Work task ->
Output every entry below exactly, without its pictures.

Excerpted records ->
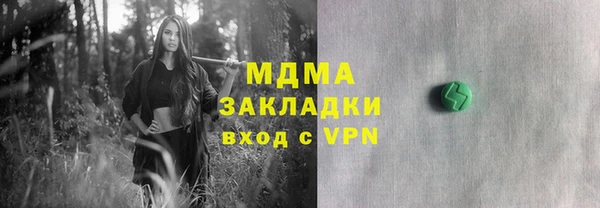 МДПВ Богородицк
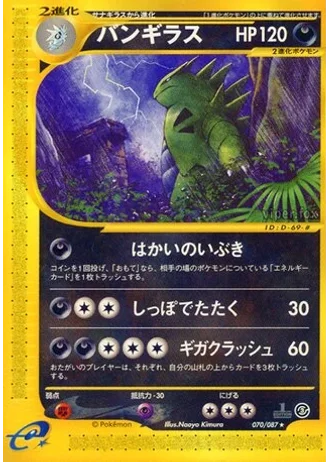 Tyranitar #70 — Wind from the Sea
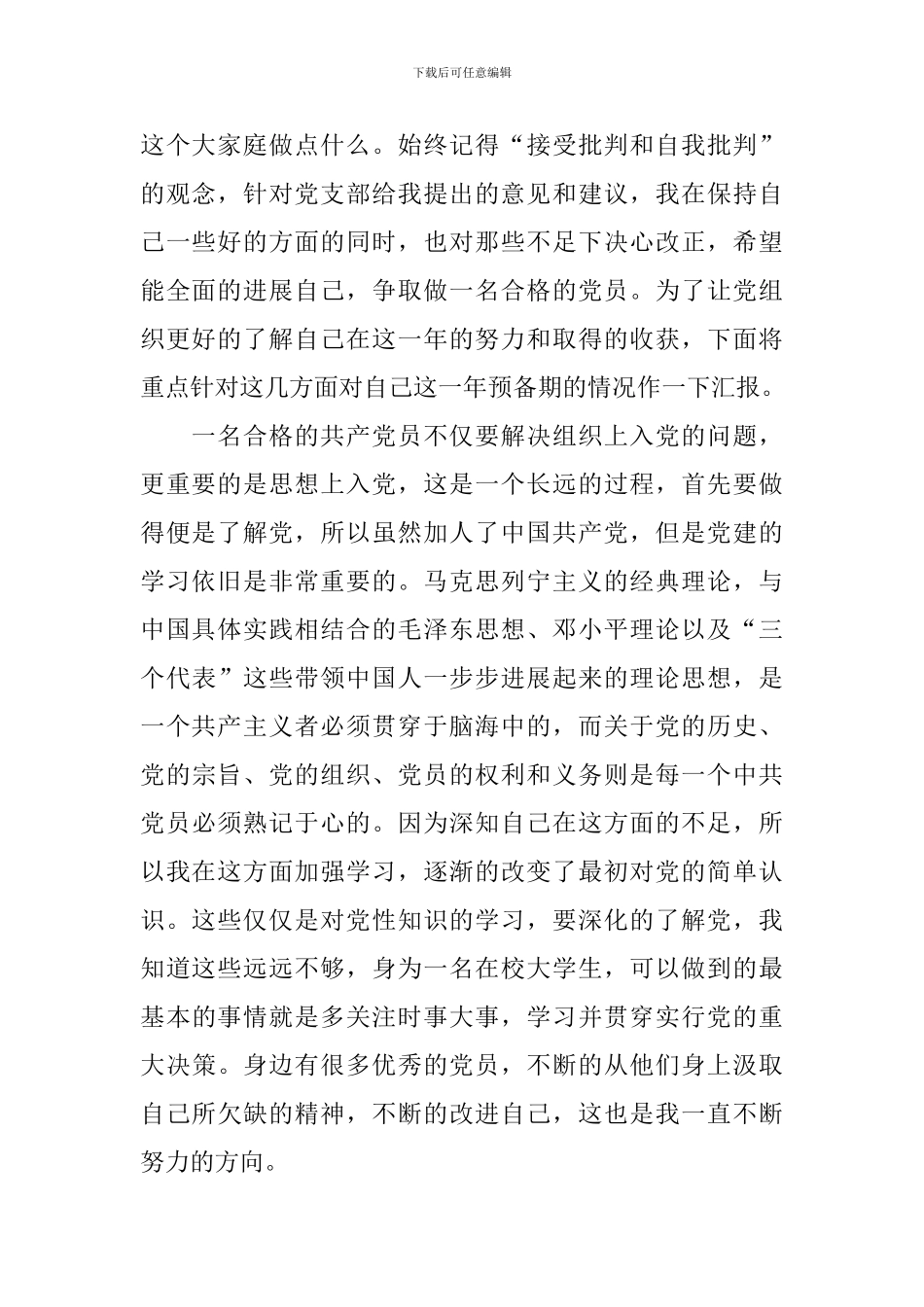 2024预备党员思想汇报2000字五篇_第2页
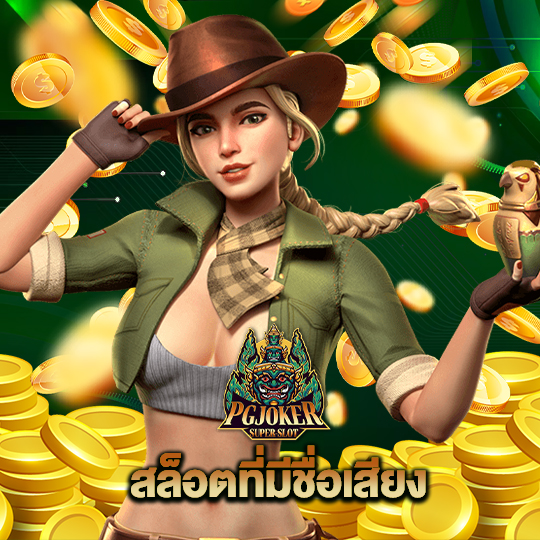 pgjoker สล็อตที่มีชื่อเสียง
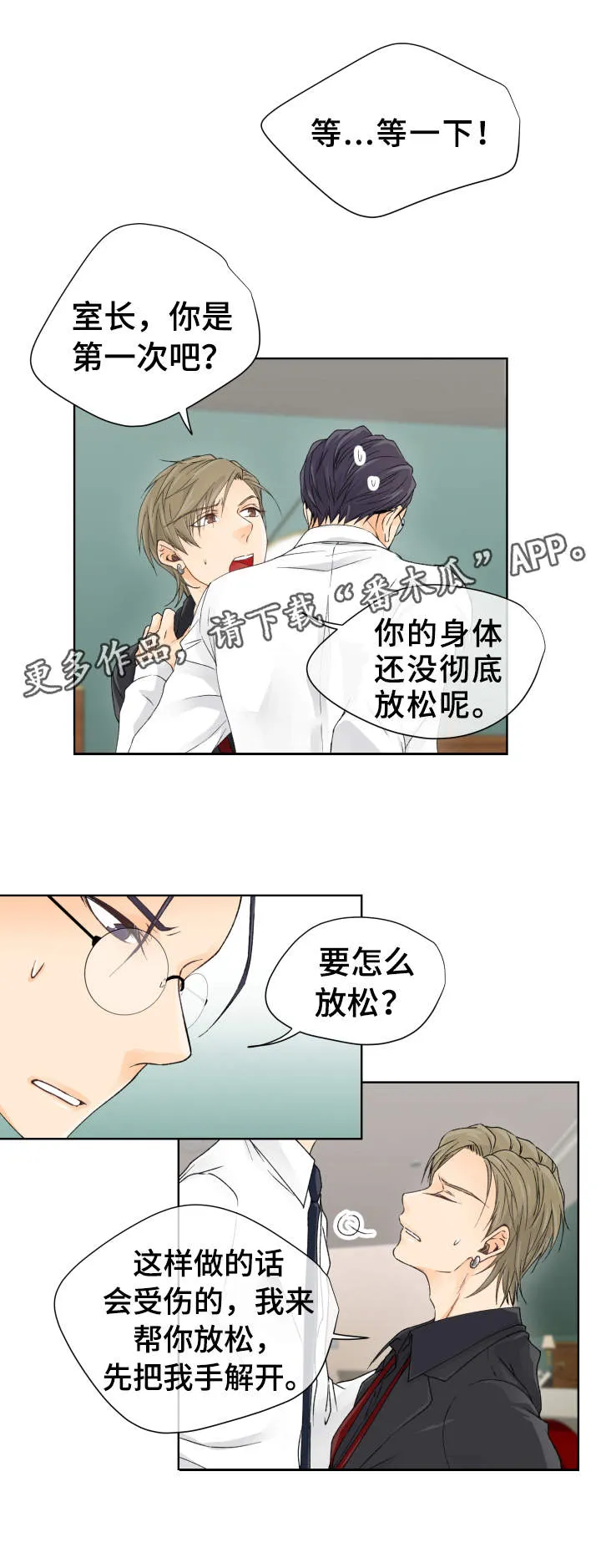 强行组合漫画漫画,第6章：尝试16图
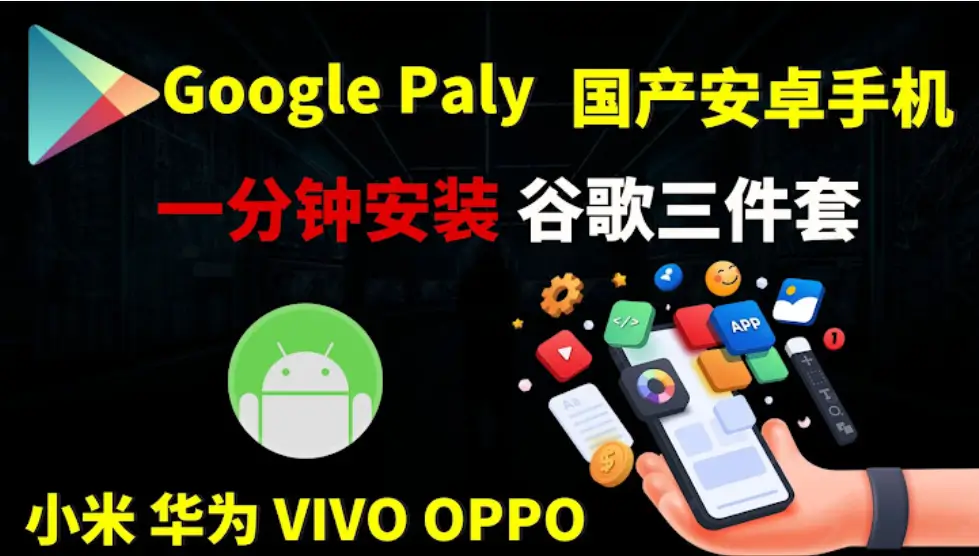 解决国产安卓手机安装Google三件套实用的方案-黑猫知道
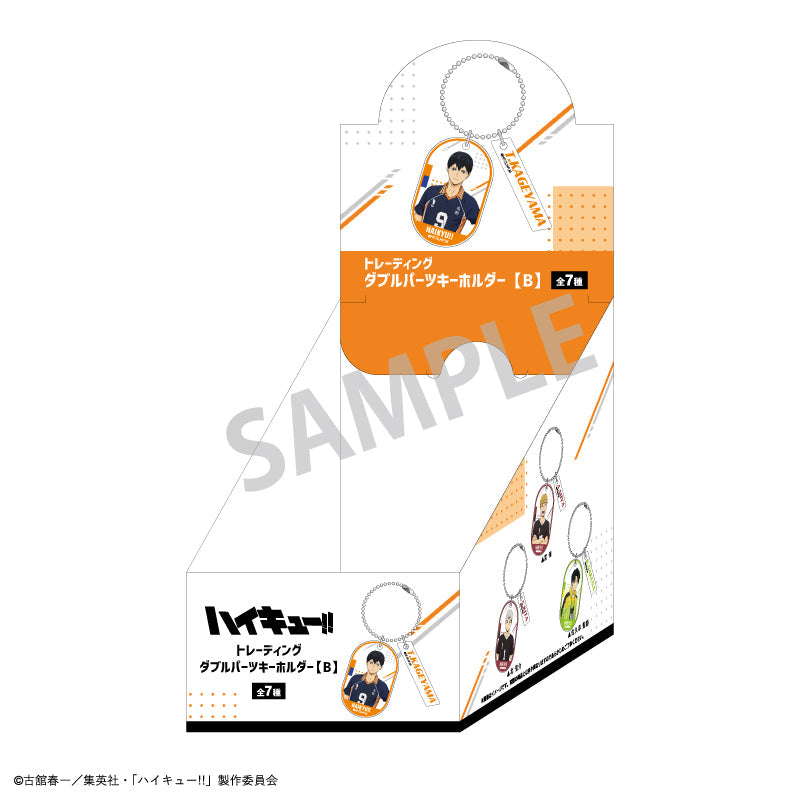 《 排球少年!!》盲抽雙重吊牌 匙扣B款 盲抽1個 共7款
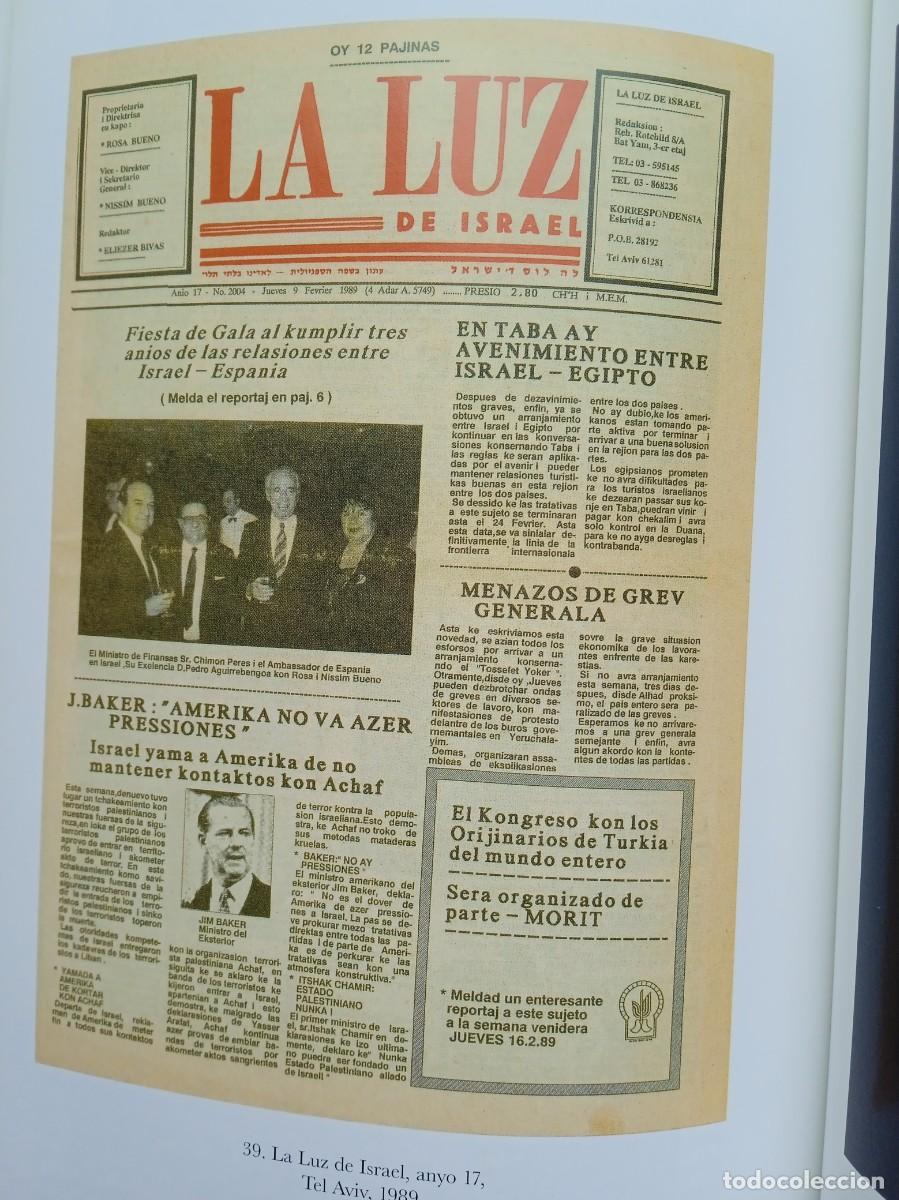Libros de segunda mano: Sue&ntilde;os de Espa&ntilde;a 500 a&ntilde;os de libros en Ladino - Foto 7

Task response ->
 МДПВ Богородицк
 Tyranitar #70 — Wind from the Sea
 2024预备党员思想汇报2000字五篇_第2页
 pgjoker สล็อตที่มีชื่อเสียง
 强行组合漫画漫画,第6章：尝试16图
 解决国产安卓手机安装Google三件套实用的方案-黑猫知道
 《 排球少年!!》盲抽雙重吊牌 匙扣B款 盲抽1個 共7款
Libros de segunda mano: Sue&ntilde;os de Espa&ntilde;a 500 a&ntilde;os de libros en Ladino - Foto 7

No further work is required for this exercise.